__Work item__. In the material below, find the line with "istock Yellow light"; set down that line and every line after it to the end, exactly, without pictures.

__Data under study__.
.....

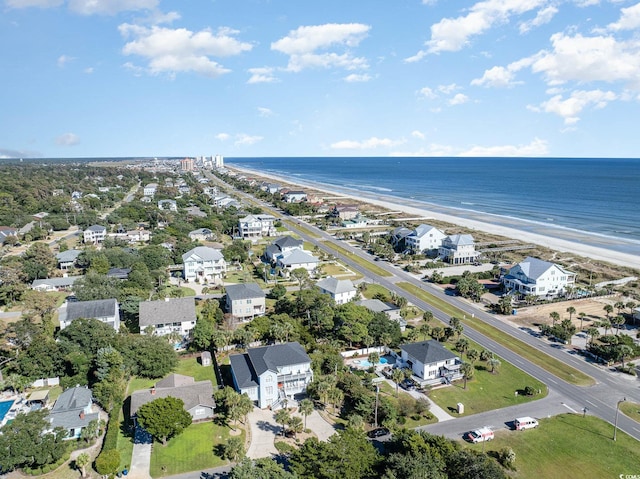 bird's eye view featuring a water view and a view of the beach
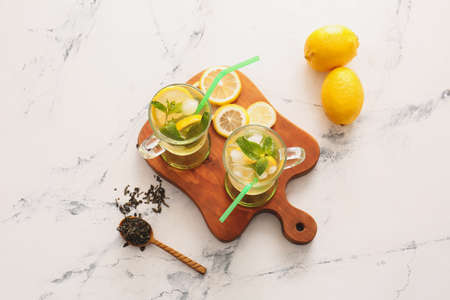 Cups of tasty cold ice tea on tableの写真素材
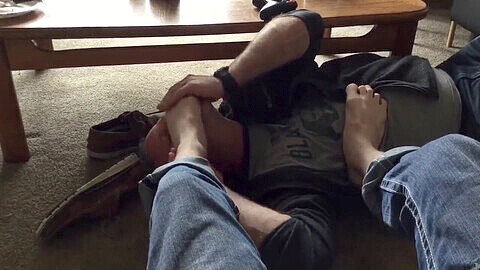 Submissive gay worships his foot master in bdsm locker room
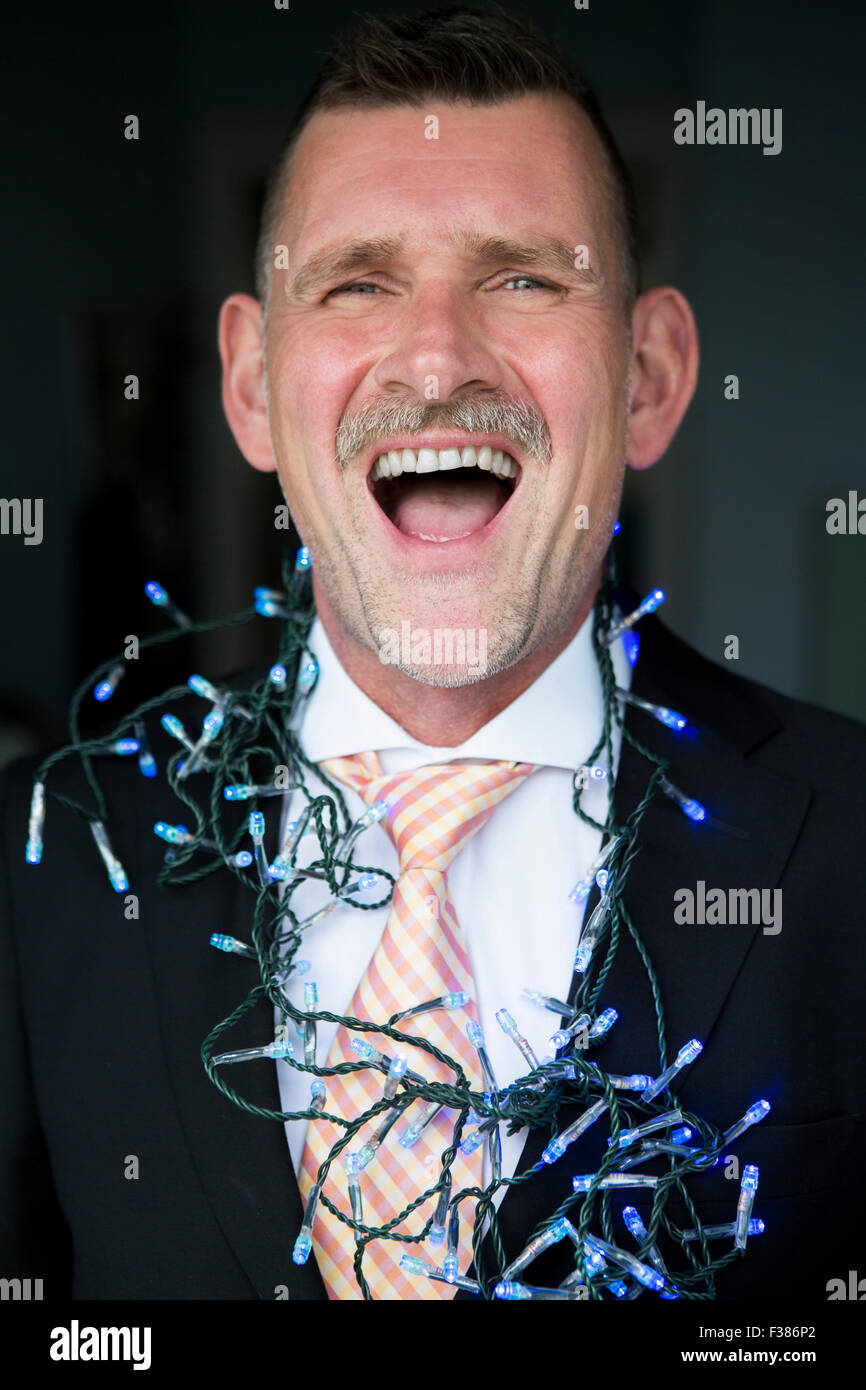 Retrato de empresario con luces de cadena y riendo Foto de stock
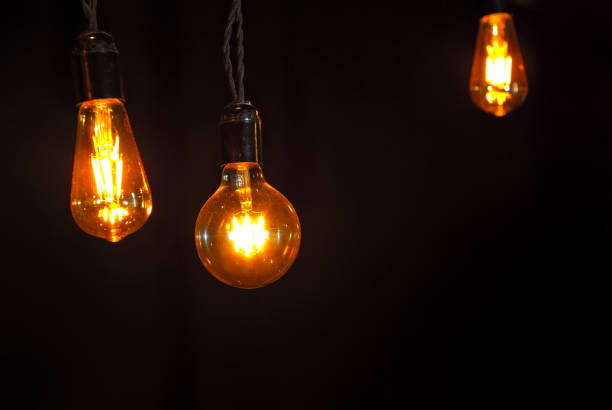 istock Yellow light bulb on a black background. Space for text and design layout. Copy space near light bulb. Mockup 1251136487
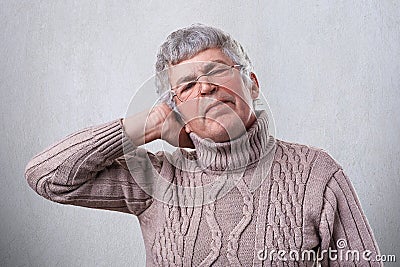 A photo of senior man wearing glasses being tired from hard work holding his hand on head. A mature man having headache after work Stock Photo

.....

__Solution to this task__.
 istock Yellow light bulb on a black background. Space for text and design layout. Copy space near light bulb. Mockup 1251136487
 A photo of senior man wearing glasses being tired from hard work holding his hand on head. A mature man having headache after work Stock Photo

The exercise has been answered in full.